5) Dems minimize 2018 Senate losses and somehow retain 45-46 seats, with "traitors" like Manchin and McKaskell surviving again.
6) Someone other than Chuck Schumer, Corey Booker, or Andrew Cuomo win the 2020 primary. Bernie Sanders doesn't run and his personality cult fades.

At this point we're back to almost normal, notwithstanding whatever other damage to policy and democracy Republicans manage to inflict. This is the best case, unicornland, it's going to actually be way fucking worse, pollyanna scenario.

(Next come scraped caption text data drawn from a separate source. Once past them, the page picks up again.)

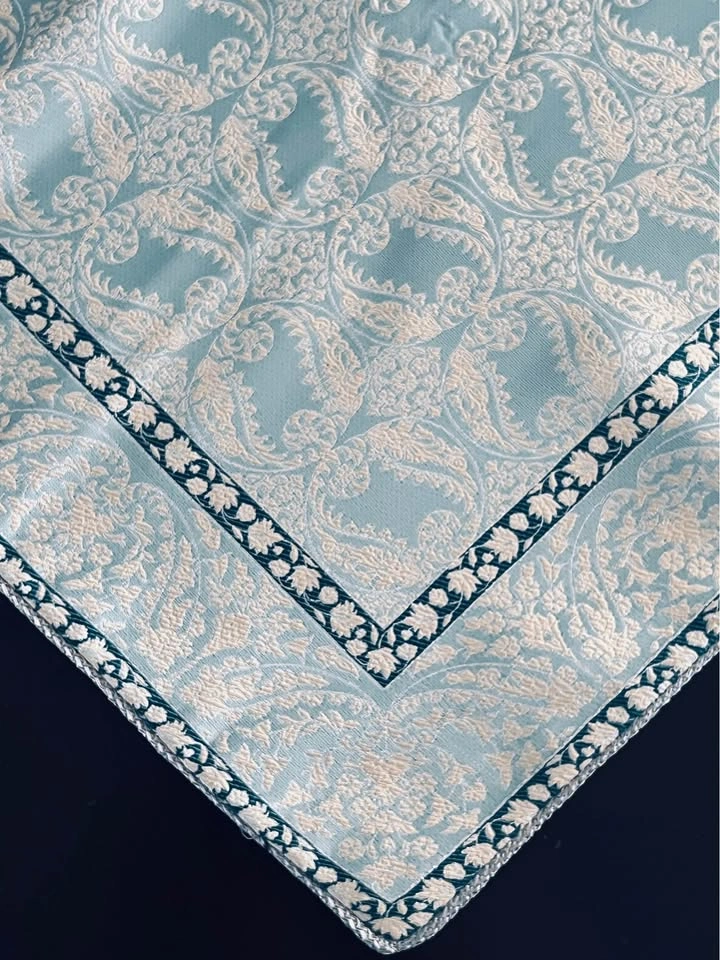 Luxury Persian Silk TERMEH Square Tablecloth 1x1m - photo 4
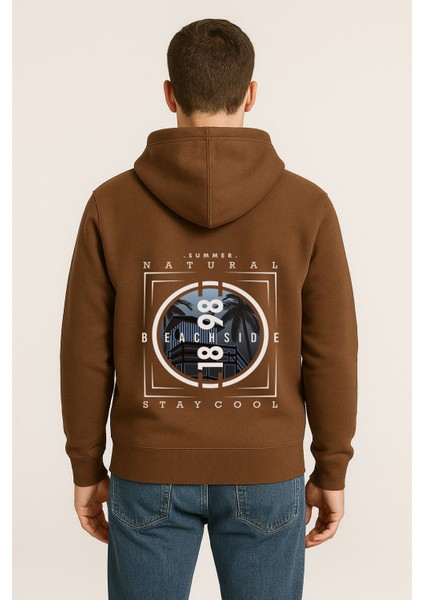 Unisex Oversize Hoodie – Beachside Stay Cool Yaz Baskılı Unisex Kapüşonlu Sweatshirt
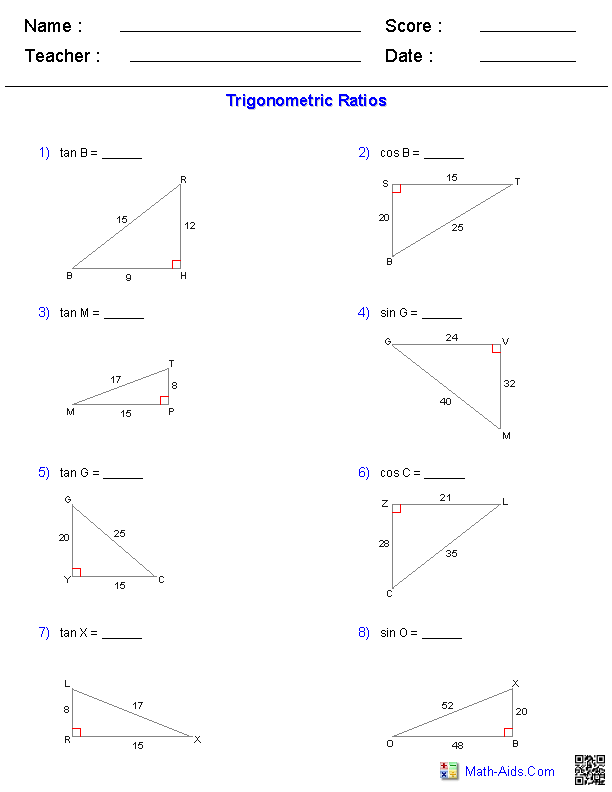 Solving Right Triangles Worksheet Pdf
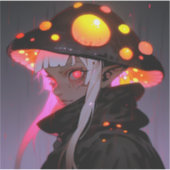 暗いファンタジーキノコ小妖精や小人アニメガール シール (正面)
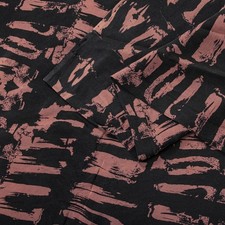 Sanskriti Vintage Saree Black Pure Crepe Abstract Printed Sari 5 Yd Craft Fabric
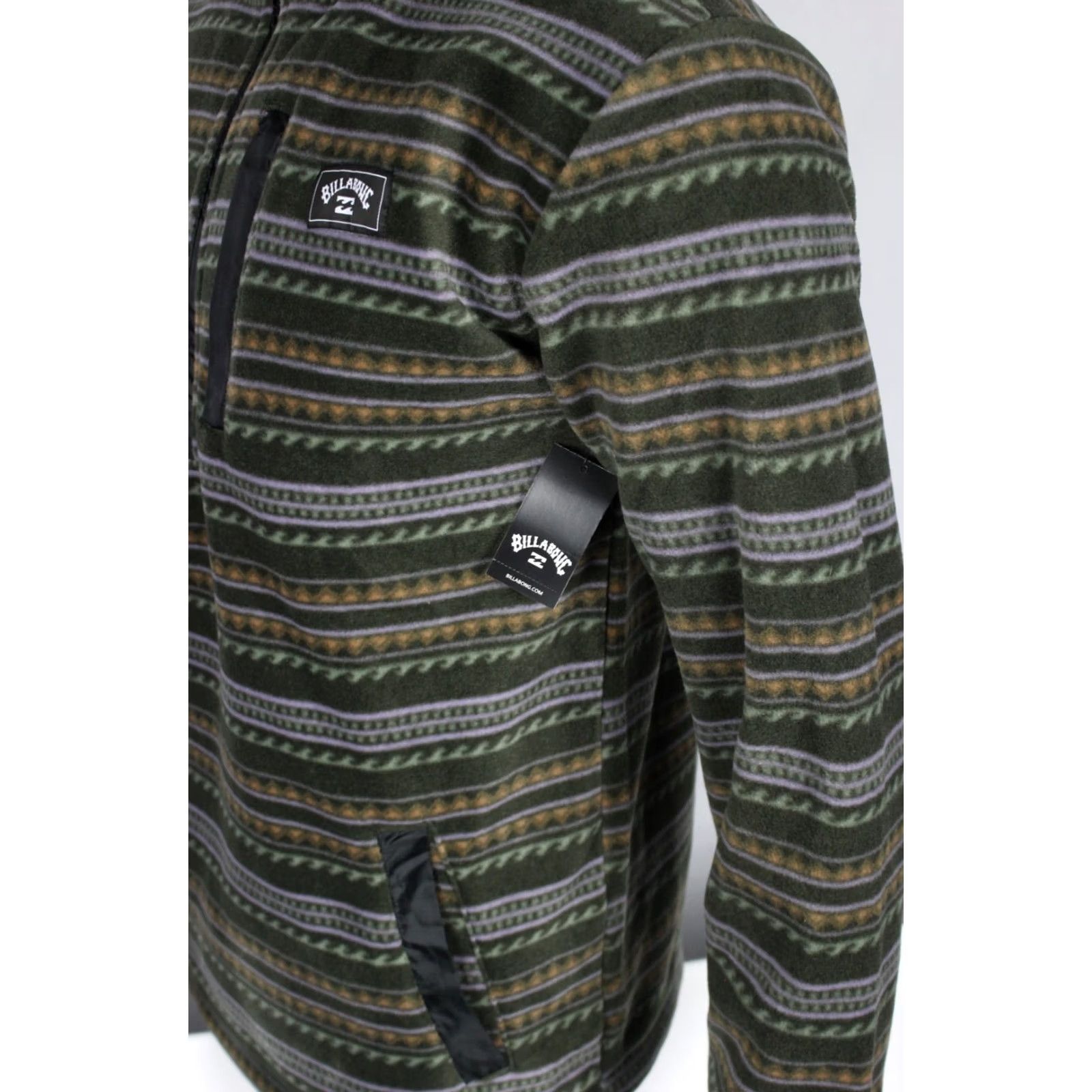 Billabong Billabong Men's Drew Mock Neck Fleece Pullover 1/2 Zip M Medium Black Print Size US M / EU 48-50 / 2 - 3 Thumbnail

Other factors that need to happen -
- Europe rejects Le Pen and rightwing / Russian-back parties in Germany, France and Italy.
- The EU doesn't break up
- Russia doesn't decide to invade Europe anyway
posted by T.D. Strange at 7:46 PM on January 7, 2017 [34 favorites]


What would have to happen for Trump to have the shortest presidency ever? I mean legally, obviously I don't mean violence or whatever, but are there any checks in place to remove bad presidents? I keep hearing "Oh he'll be impeached" but I'm having trouble understanding what that would look like, or if it's even likely?
posted by Hazelsmrf at 7:52 PM on January 7, 2017 [1 favorite]


...does anyone know if this is true or hyperbole?

This is revisionist. From Legacy of Ashes:
The morals of the Carter administration were not good for morale at CIA headquarters. Admiral Turner tried to hew to Carter's pledge about never lying to the American people. This was a dilemma for the chief of a secret intelligence service, whose operators depended on deceit to succeed. What little confidence Turner had in the clandestine service was constantly chiseled away by acts of subversion.

...

Turner was a Christian Scientist who drank hot water with lemon instead of coffee or tea. The old boys preferred whisky in their water. They scorned Turner in word and deed. Turner wrote years later that his enemies within the clandestine service tried to discredit him with disinformation campaigns—"one of their basic skills." Chief among these was a story that has persisted for a quarter century: that Turner was singlehandedly responsible for the gutting of the clandestine service in the 1970s. The first deep cuts had been ordered by Nixon. One thousand covert operators had been let go by James Schlesinger. George Bush, under Ford, had chosen to ignore a recommendation from his own covertaction chief that 2,000 more should depart. Turner wound up cutting precisely 825, starting with the bottom 5 percent on the performance charts. He had the president's support. "We were aware that some of the unqualified and incompetent personnel whom he discharged were deeply resentful, but I fully approved," Jimmy Carter said in a letter to the author.
posted by Coventry at 7:52 PM on January 7, 2017 [14 favorites]


Talez, TY, I have heard the phrase before but not anything else. Several people in these mefi posts have recommended books on the CIA and I have added them all to my reading list.
posted by futz at 7:53 PM on January 7, 2017


What would have to happen for Trump to have the shortest presidency ever?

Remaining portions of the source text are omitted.